AswajaNews–Universitas Merdeka Malang (Unmer) Kampus Ponorogo menggelar Kuliah Tamu bertema “Transformasi Kebijakan Publik, Kepastian Hukum, dan Penguatan Ekonomi Daerah dalam Mewujudkan Indonesia Emas 2045”, Sabtu (15/8/2026).
Kegiatan tersebut menghadirkan Anggota DPR RI Komisi VII periode 2024–2029, Novita Hardini, S.E., M.E., sebagai narasumber. Kuliah tamu menjadi ruang bagi sivitas akademika untuk memperluas wawasan mengenai kebijakan publik, kepastian hukum, serta penguatan ekonomi daerah.
Kegiatan diawali dengan sambutan Rektor Unmer Malang, Dr. Pinrhat Assih, S.E., M.Si., Ak., CSRS. Dalam sambutannya, ia menyampaikan bahwa kehadiran Novita Hardini sebagai narasumber memiliki relevansi dengan arah pengembangan Unmer Malang.
Menurutnya, Novita yang berada di Komisi VII DPR RI memiliki ruang lingkup kerja yang berkaitan dengan UMKM, perindustrian, pariwisata, ekonomi kreatif, serta sarana publikasi. Hal tersebut dinilai selaras dengan fokus Unmer Malang dalam mengembangkan kewirausahaan di lingkungan perguruan tinggi.

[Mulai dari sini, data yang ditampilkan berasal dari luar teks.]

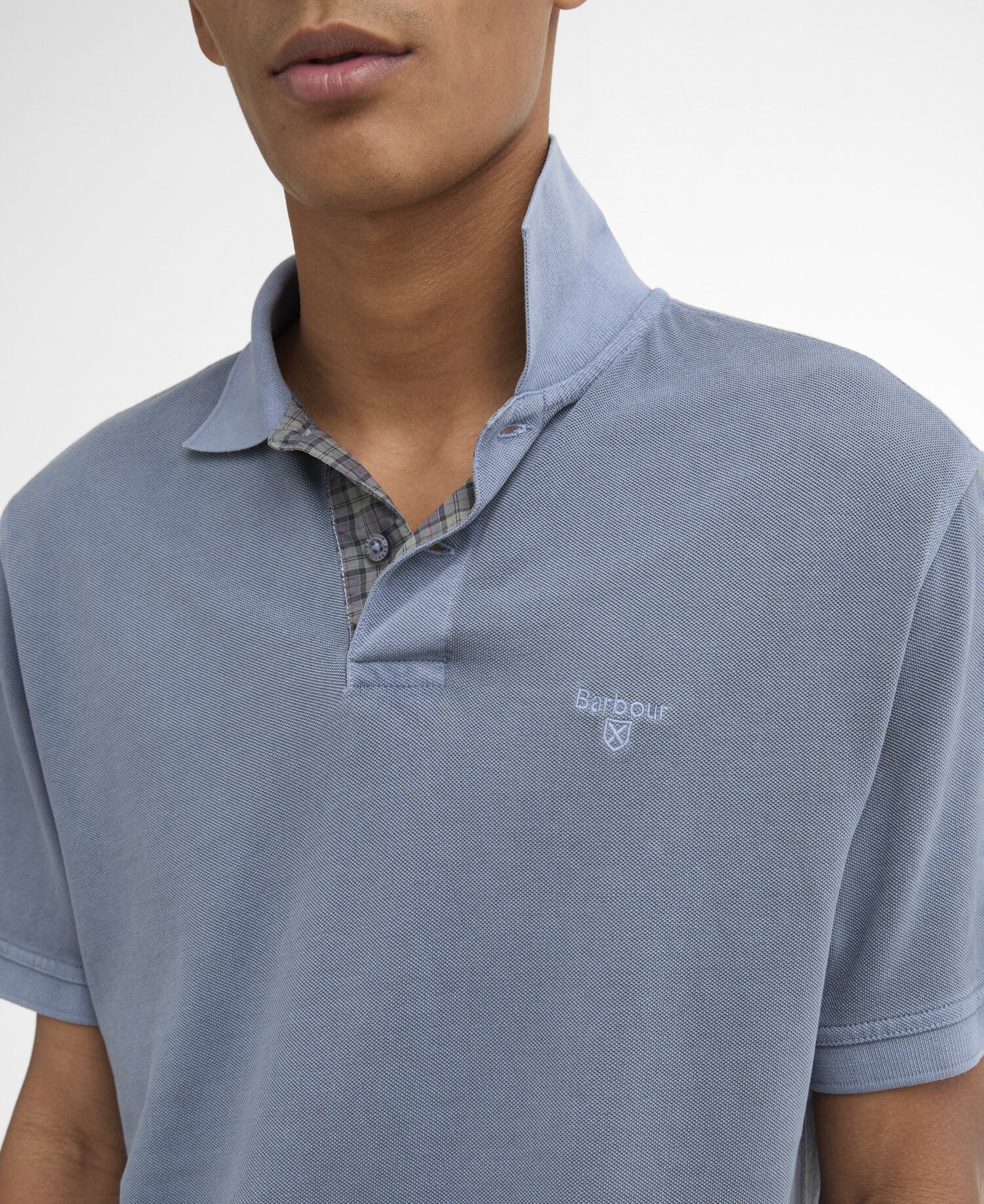 Barbour Washed Tartan Tailored Polo Washed Blue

“Ini sangat relevan dengan kampus kami, karena Unmer sedang fokus pada pengembangan kewirausahaan,” ujar Rektor.
Ia menjelaskan, pengembangan kewirausahaan di Unmer tidak hanya dilakukan melalui pembelajaran di kelas. Mahasiswa juga didorong mendapatkan pengalaman praktik melalui berbagai program, termasuk Entrepreneur Day.
Selain itu, Unmer tengah menggagas sertifikasi di bidang kewirausahaan serta pendampingan mahasiswa untuk menjadi wirausaha melalui inkubator kewirausahaan.

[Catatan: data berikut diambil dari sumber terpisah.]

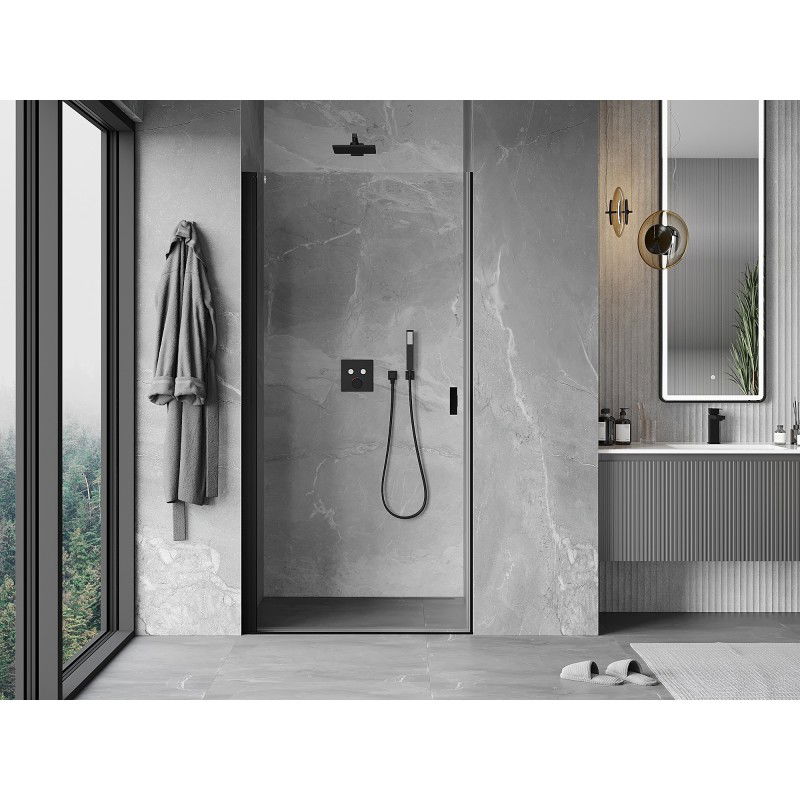 Mexen Mist-B 100 cm Hinged Shower Door, Transparent, Black - 8A2-100-000-70-00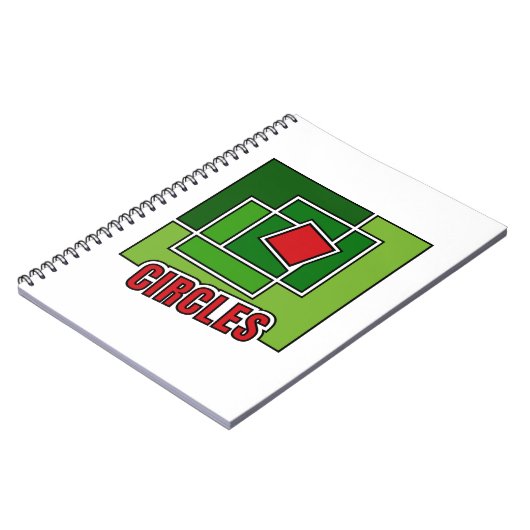 Green Abstraction with Twisted Red Square ノートブック (左側)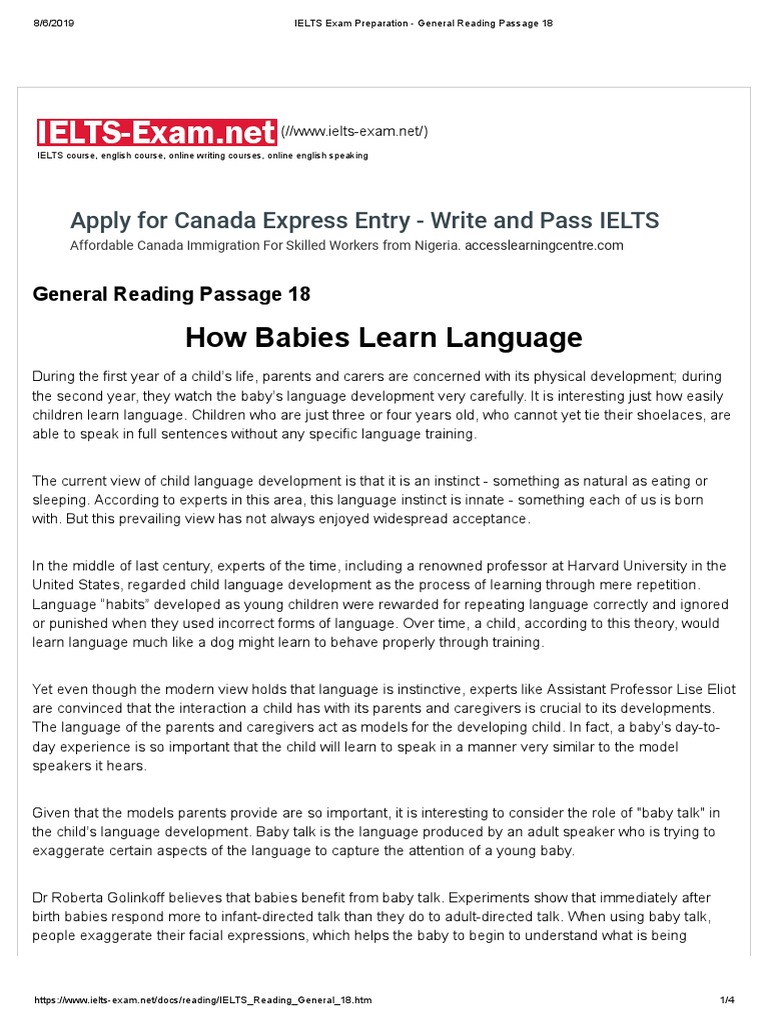 IELTS Exam Preparation - General Reading Passage 18 | PDF | Language ...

“Jumlah mahasiswa yang menjadi wirausaha menjadi salah satu indikator kinerja pergurua,” jelasnya.
Rektor juga menyampaikan bahwa Unmer Malang sebelumnya pernah menjadi koordinator pembinaan UMKM di wilayah Jawa Timur. Menurutnya, pengalaman tersebut menjadi bagian dari komitmen perguruan tinggi untuk berkontribusi terhadap penguatan ekonomi masyarakat.

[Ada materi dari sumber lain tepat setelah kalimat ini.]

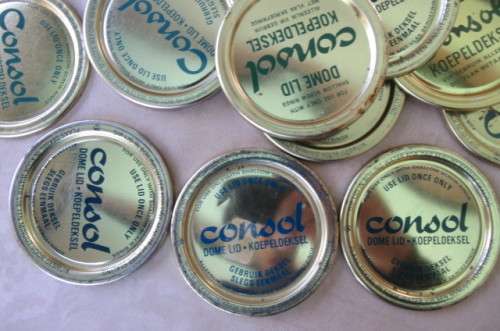 34 VARIOUS LIDS FOR CONSOL PRESERVE JARS - AS PER SCAN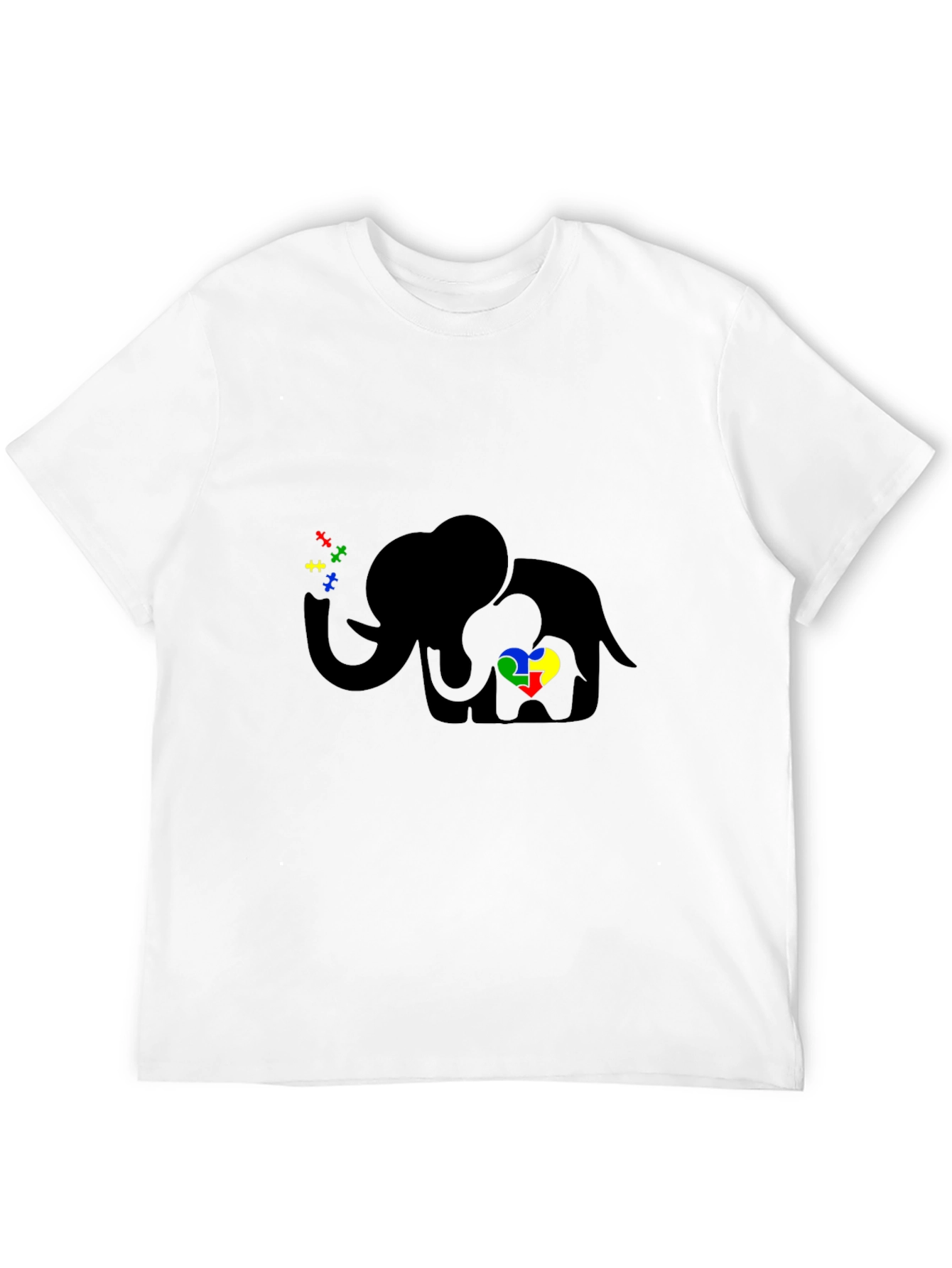 Black Autism Awareness Elephant T-Shirt view 12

Tidak hanya UMKM, ia juga menyoroti potensi pariwisata dan ekonomi kreatif di Malang dan Ponorogo. Keduanya memiliki potensi besar dalam pengembangan ekonomi kreatif dan kebudayaan.
Ia menyebut Malang telah memiliki program Diploma Pariwisata, sementara Ponorogo juga memiliki potensi budaya dan ekonomi kreatif yang dapat terus dikembangkan.
Rangkaian kegiatan kemudian ditutup dengan penyerahan bibit pohon dari Novita Hardini kepada pihak Unmer Malang. Penyerahan tersebut menjadi simbol kepedulian terhadap lingkungan sekaligus bagian dari gerakan menciptakan kampus yang asri.
Rektor menyampaikan apresiasi atas bibit pohon yang diserahkan. Menurutnya, hal tersebut sejalan dengan gerakan Kampus Asri yang dikembangkan Unmer Malang.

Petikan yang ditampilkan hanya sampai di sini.